The plaintiffs are stockbrokers and the action is brought to recover damages sustained by them in a stock transaction. The complaint alleges that prior to March, 1902, the defendants entered into an agreement with each other whereby they formed a combination, known as a pool, for the purpose of controlling the market price of the stock of the International Power Company by means of purchases and sales, and "whereby it was further agreed that the whole or greater part" of such purchases and sales "should be conducted in the name of the defendant Judson individually and that he should employ all brokers in his own name, but for the benefit of all the defendants jointly;" that "on April 20, 1902, the defendants, acting through the defendant Judson as aforesaid, duly employed the plaintiffs to make various purchases and sales of the said stock and opened an account with them designated `Cyrus Field Judson, Special;'" and that "on April 29, 1902, at the request of the said Judson, acting as aforesaid, the plaintiffs purchased' certain shares of stock which Judson failed to take up and pay for, and which they sold, sustaining the loss complained of, for which a recovery is asked. The defendant Judson appeared in the action, but did not answer. The appellants answered separately and put in issue the allegation of the complaint as to the existence of the pool or partnership and the authority of Judson to represent them in the purchase of the stock. The action has been tried three times. On the first trial judgment was entered in favor of the plaintiffs against the three defendants on Judson's default and on a verdict against Hoadley and Leiter.
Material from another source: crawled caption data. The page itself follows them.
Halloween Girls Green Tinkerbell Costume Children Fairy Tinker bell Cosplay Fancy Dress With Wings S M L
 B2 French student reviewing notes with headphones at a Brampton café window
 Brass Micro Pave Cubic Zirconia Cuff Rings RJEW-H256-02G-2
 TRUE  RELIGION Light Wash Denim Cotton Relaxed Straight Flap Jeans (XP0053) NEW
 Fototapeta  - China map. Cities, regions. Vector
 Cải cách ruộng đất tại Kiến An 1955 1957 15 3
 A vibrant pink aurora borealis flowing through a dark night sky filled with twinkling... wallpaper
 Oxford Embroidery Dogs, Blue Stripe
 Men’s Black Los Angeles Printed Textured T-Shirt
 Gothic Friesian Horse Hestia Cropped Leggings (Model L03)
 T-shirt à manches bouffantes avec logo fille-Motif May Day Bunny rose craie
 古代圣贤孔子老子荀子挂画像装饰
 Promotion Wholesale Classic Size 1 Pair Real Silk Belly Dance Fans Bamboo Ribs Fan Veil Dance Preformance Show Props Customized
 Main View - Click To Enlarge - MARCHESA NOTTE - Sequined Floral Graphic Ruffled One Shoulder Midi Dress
On appeal the judgment was reversed as against Hoadley and Leiter and a new trial granted, on the ground that the court erred in admitting certain evidence. ( Franklin v. Hoadley, 115 App. Div. 538. ) On the second trial the plaintiffs again had a verdict against Hoadley and Leiter, upon which judgment was entered, which, on appeal, was reversed on the ground that the court erred in refusing to instruct the jury that the declarations of Judson that Hoadley and Leiter were his partners and interested in the pool were not competent to establish the partnership. ( Franklin v. Hoadley, 126 App. Div. 687.) On the third trial the plaintiffs had another verdict against Hoadley and Leiter, upon which judgment was entered, from which they separately appeal.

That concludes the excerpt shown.